Il giudizio era stato instaurato su azione di una consigliera comunale la quale lamentava che, in assenza di un ascensore per disabili o di un servoscala, era costretta a farsi “guidare” e “trasportare” dal personale comunale lungo due rampe di scale, per essere messa su una specie di “trattorino” o “montascale”.

Tale circostanza era confermata dal fatto che il Comune aveva deciso di spostare le riunioni del consiglio nella palestra della scuola elementare, proprio per consentire la più agevole partecipazione dell’interessata, salvo poi – una volta preso atto delle sue dimissioni da consigliere – tornare a svolgere le riunioni nella sede istituzionale.
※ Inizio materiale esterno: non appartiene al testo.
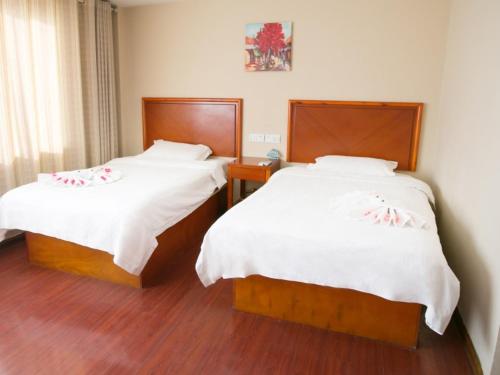a bedroom with two beds with white sheets at GreenTree Inn Rizhao West Station Suning Plaza in Rizhao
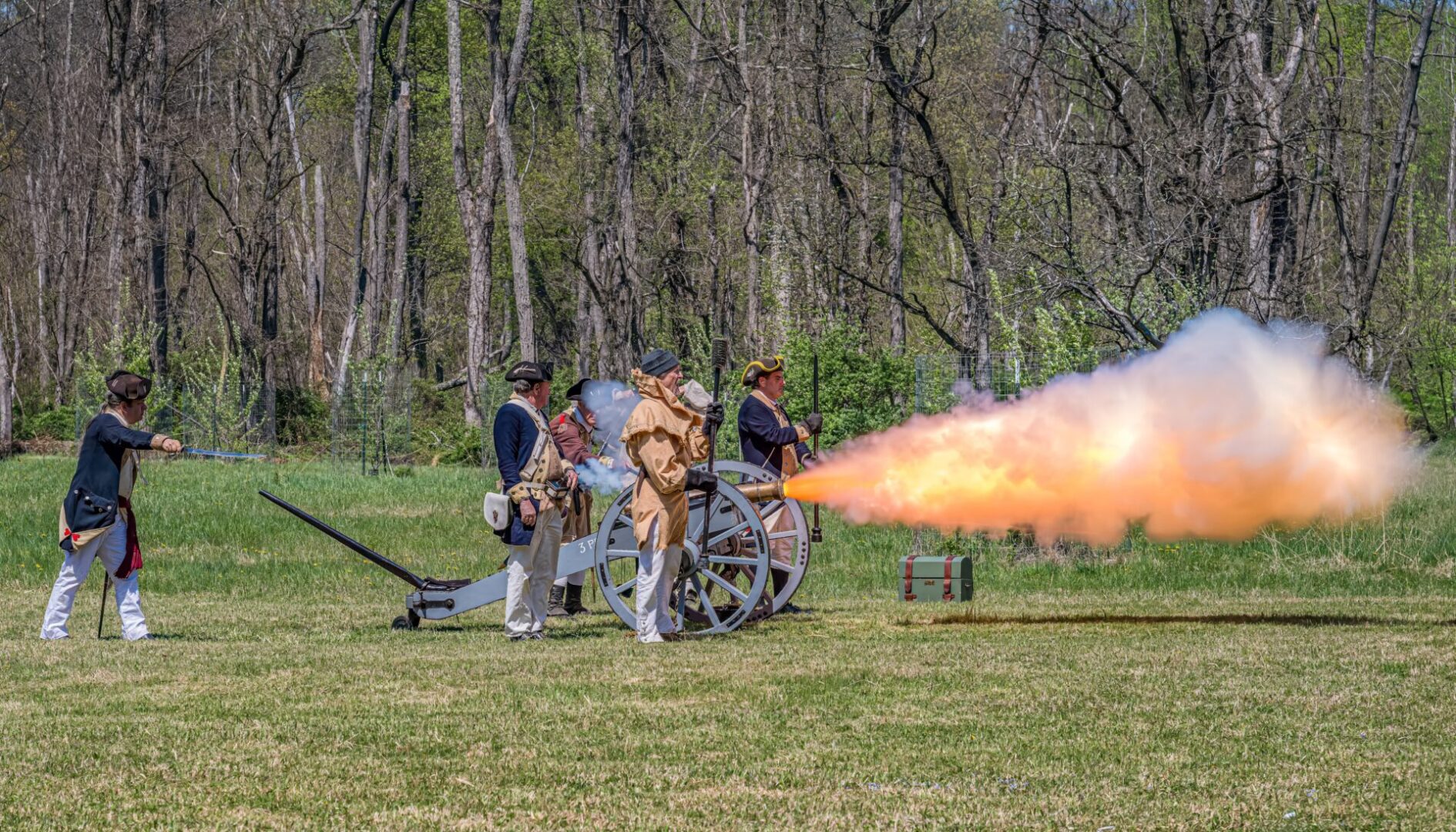 Reenactors firing a cannon with large flame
L’attrice aveva chiesto, pertanto, la cessazione immediata del comportamento discriminatorio e la condanna dell’ente sia alla pronta realizzazione di un ascensore e/o di un servoscala, o comunque alla realizzazione delle opere ritenute più idonee, sia al risarcimento del danno, da liquidarsi in via equitativa.

Ebbene, all’esito del giudizio di secondo grado la corte d’appello accoglieva la domanda attorea ritenendo che la fattispecie descritta integrasse una ipotesi di cd. “discriminazione indiretta” secondo la nozione di cui alla legge n. 67 del 2006 che prescinde da ogni volontà o intenzione discriminatoria del soggetto agente. Peraltro, per i giudici della corte di merito, la presenza del “trattorino” non poteva certo ritenersi una soluzione adeguata – fino alla (tardiva) realizzazione dell’ascensore per disabili – a consentire il superamento della barriera architettonica.
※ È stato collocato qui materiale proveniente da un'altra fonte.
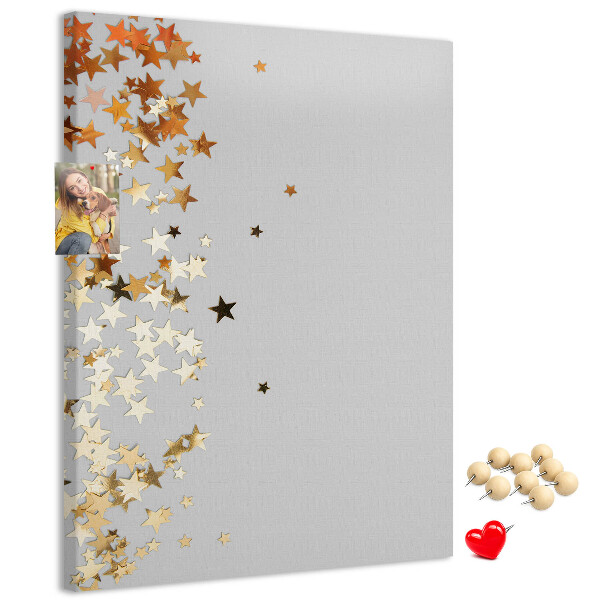 Tablón de corcho Estrellas doradas y plateadas sobre fondo gris.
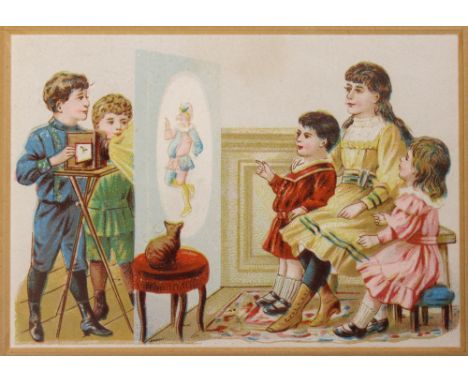 A late 19th century trade card of children playing with magic lantern. Publisher unknown,  circa 1890s; 11 x 7.5 cm, mounted 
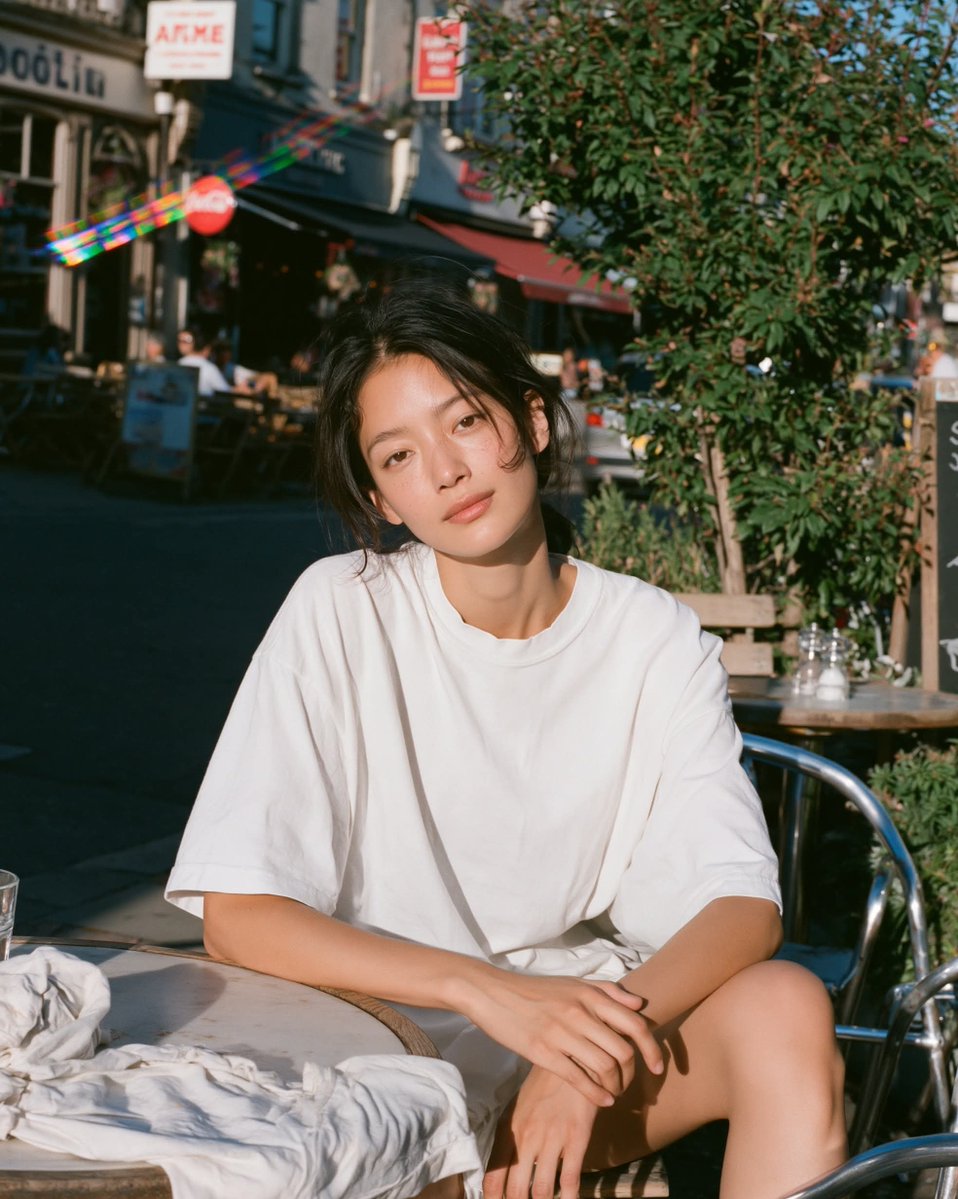 温暖阳光下的胶片人像,年轻女性放松地坐在小咖啡馆露台桌旁沐浴在明亮的金色午后阳光下,目光平静柔和、双眼睁开,身穿超大号白色T恤,身后是清晰可辨…, 图片 1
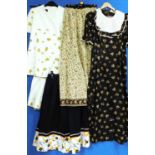 A quantity of circa 1970's lady's wear: to include a brown floral short sleeve full length dress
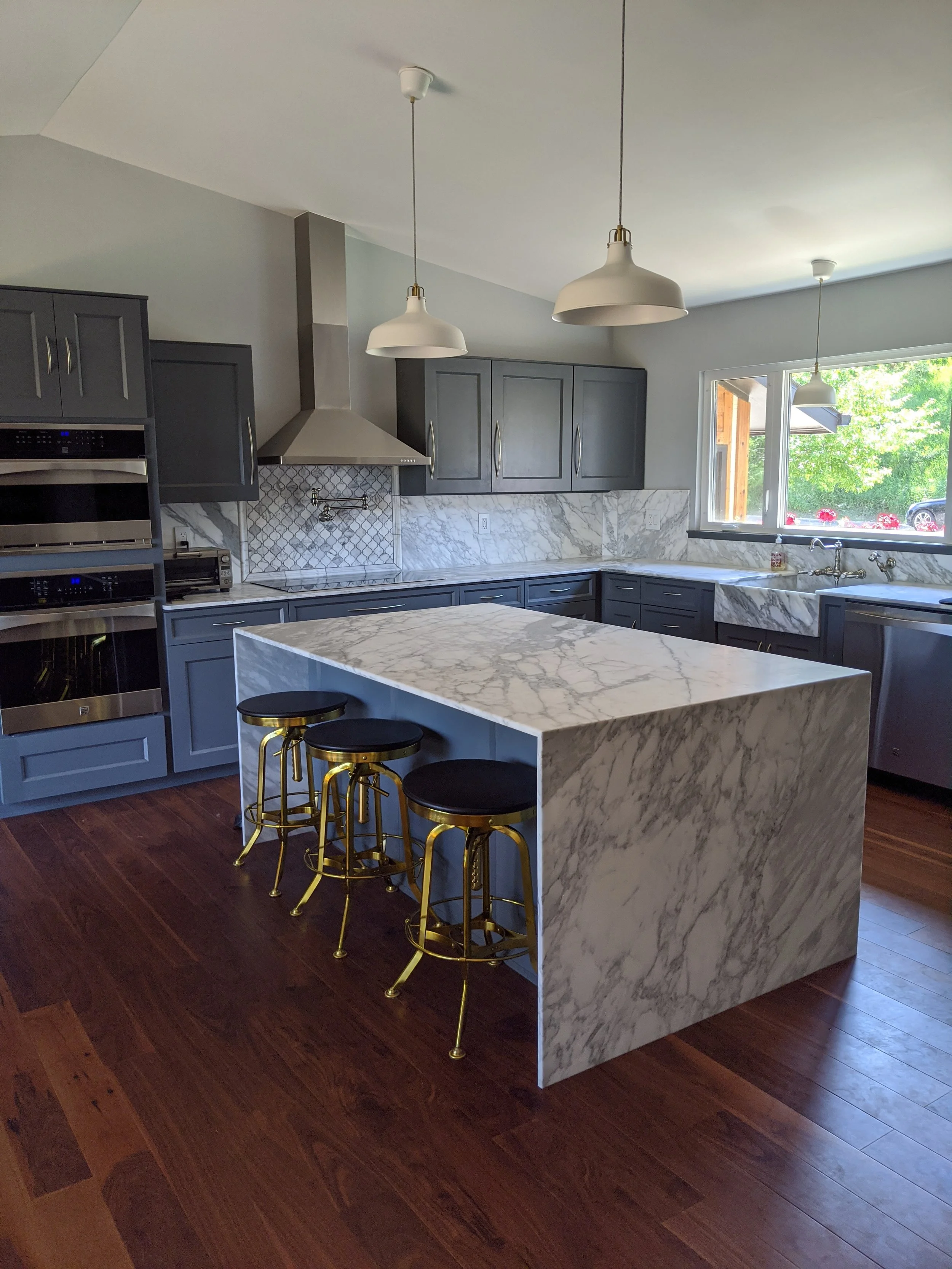 Marble kitchen with custom cabinets and facings.jpg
Di qui pertanto, la condanna del comune al solo risarcimento del danno, essendo nel frattempo cessata la condotta discriminatoria, attraverso la realizzazione dell’ascensore per disabili.

La pronuncia della Cassazione

La Corte di Cassazione (Terza Sezione Civile, sentenza n. 3691/2020) ha confermato la decisione impugnata, sottolineando in primo luogo la natura precettiva e non programmatica della disciplina volta al superamento delle barriere architettoniche, evidenziando che la disciplina relativa al superamento delle barriere architettoniche è stata prevista proprio allo scopo di “facilitare la vita di relazione delle persone disabili”; tali principi “rispondono all’esigenza di una generale salvaguardia della personalità e dei diritti dei disabili e trovano base costituzionale nella garanzia della dignità della persona e del fondamentale diritto alla salute degli interessati, intesa quest’ultima nel significato, proprio dell’art. 32 Cost., comprensivo anche della salute psichica oltre che fisica (Corte cost. n. 251/2008).

Il Supremo Collegio ha poi, ribadito che il riconoscimento del carattere discriminatorio di “una disposizione, un criterio, una prassi, un atto, un patto o un comportamento apparentemente neutri” in ogni caso “presuppone la verifica della sussistenza degli elementi soggettivi ed oggettivi dell’illecito aquiliano ai sensi dell’art. 2043 c.c., al quale va ricondotta la fattispecie prevista dall’art. 3, comma 3 della legge n. 67 del 2006”. Ad ogni modo, le censure dell’ente locale sono state ritenute prive di fondamento nonchè inammissibili perché volte ad ottenere una diversa valutazione dei fatti già accertati dalla corte territoriale, costituente operazione non consentita in sede di legittimità.

Il risarcimento del danno

Confermata anche la valutazione della corte marchigiana in ordine alla quantificazione del danno lamentato, che i giudici dell’appello hanno quantificato nella somma complessiva di 3.200 euro, più 200 euro per esborsi e spese forfetarie, “tenuto conto della destinazione d’uso del fabbricato interessato, della qualifica rivestita all’epoca dall’istante, nonché del periodo di tempo per il quale si era protratta la situazione di inadempienza dell’ente territoriale”.